As you see, the price went down and retested the broken resistance line strongly after the resistance breakout:
A True Long Trade Setup:
The below screenshot is self-explanatory.
A good and valid resistance breakout which is later confirmed by valid and precise retesting, while Stochastic Oscillator is where it has to be.
As you see, Stochastic Oscillator can be a great tool, if used properly:
A Good and Valid Short Trade Setup:
– Following the Trends
Trading the strong levels breakouts along with Stochastic Oscillator confirmation is a great way to follow the strong and continued trends.
When it is proven that there is an ongoing strong trend, you can enter after the smaller levels breakouts on the same trend.
If you set a proper stop loss in the way that was explained above, you will get out with a small loss in case the trend reverses.
However, you will have a strongly profitable position if the trend continues.
As you see on the below screenshot, a resistance breakout ended to the too strong uptrend on USD/JPY weekly chart (#1).
At the middle of the way, a resistance level formed at 103.726.
It got broken later (#2), but then the market went sideways and hit the stop loss.
After that, another resistance level formed at 105.433 that got broken several candlesticks later (#3), and although the price retested the level, it went up over 1800 pips after that.
So those who had missed the trend, could get in at the middle of the way.
The below screenshot shows the support levels that you could trade during a strong downtrend on EUR/USD daily chart.
Although your stop loss can get hit sometimes, you can recover the losses through the several winning trades that a strong trend can give you:
Why Did I Write This Article?
I wrote this article to give a detailed and complete answer to those traders who always ask about Stochastic Oscillator, its settings and the best way to use it.
As I explained at the beginning of this article, Stochastic Oscillator is a popular indicator among traders, specially the stock traders.
However, there are very few traders who know how to use this indicator properly, and so, 99% of those who use this indicator, always lose.
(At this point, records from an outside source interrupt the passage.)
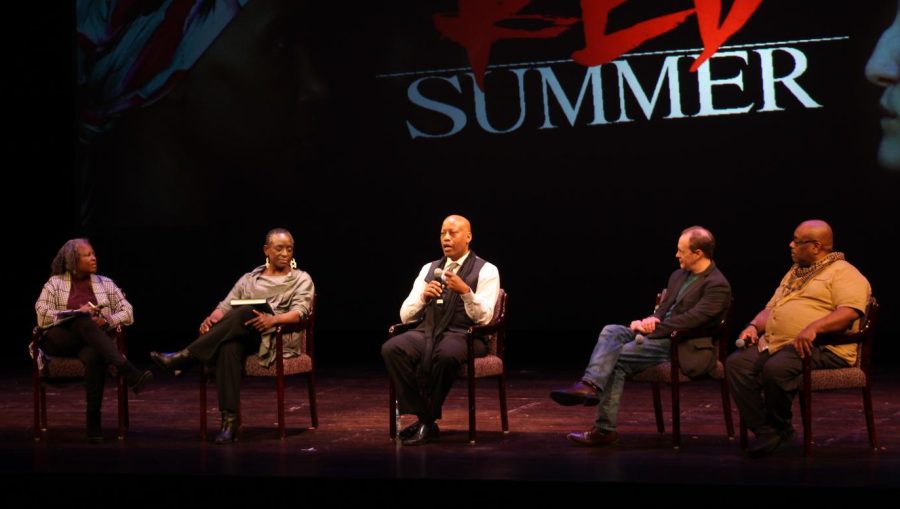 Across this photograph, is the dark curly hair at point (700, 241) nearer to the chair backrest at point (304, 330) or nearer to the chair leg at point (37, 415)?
the chair backrest at point (304, 330)

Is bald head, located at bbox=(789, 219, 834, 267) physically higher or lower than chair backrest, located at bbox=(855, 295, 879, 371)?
higher

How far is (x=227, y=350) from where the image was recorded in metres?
5.61

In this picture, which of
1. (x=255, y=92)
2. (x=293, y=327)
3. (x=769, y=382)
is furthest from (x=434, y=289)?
(x=255, y=92)

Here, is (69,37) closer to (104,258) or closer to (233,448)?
(104,258)

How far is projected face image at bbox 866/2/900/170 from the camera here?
25.1 feet

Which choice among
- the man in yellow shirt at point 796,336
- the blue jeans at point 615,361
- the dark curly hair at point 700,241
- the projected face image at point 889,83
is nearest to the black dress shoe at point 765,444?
the man in yellow shirt at point 796,336

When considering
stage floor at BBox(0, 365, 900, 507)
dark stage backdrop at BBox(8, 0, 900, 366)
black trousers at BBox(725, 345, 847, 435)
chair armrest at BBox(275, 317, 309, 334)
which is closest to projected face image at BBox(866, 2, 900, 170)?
dark stage backdrop at BBox(8, 0, 900, 366)

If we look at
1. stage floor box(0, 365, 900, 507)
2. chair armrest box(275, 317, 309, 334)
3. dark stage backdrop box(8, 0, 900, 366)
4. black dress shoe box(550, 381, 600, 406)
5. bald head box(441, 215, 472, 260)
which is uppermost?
dark stage backdrop box(8, 0, 900, 366)

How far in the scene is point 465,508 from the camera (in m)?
4.32

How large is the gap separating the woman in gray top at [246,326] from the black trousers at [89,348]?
0.22m

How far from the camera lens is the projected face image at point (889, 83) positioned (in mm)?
7645

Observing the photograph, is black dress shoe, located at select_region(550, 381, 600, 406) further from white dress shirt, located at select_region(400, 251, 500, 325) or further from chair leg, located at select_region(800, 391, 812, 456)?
chair leg, located at select_region(800, 391, 812, 456)

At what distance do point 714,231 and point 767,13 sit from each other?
4.67 ft

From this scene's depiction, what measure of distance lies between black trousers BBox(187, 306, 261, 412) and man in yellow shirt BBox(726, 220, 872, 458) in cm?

In this article, I introduced a simple and mechanical, yet strong, profitable and effective way to enter the markets using the price action (which is the best and most effective way to trade), and Stochastic Oscillator confirmation.
Those traders who like to have more trading opportunities can use this system along with the other systems they use.
If they follow the weekly and monthly charts, all they have to do is spending half an hour every weekend.
You can locate the forming and formed trade setups, and then entering the markets at the market open on Sunday afternoons.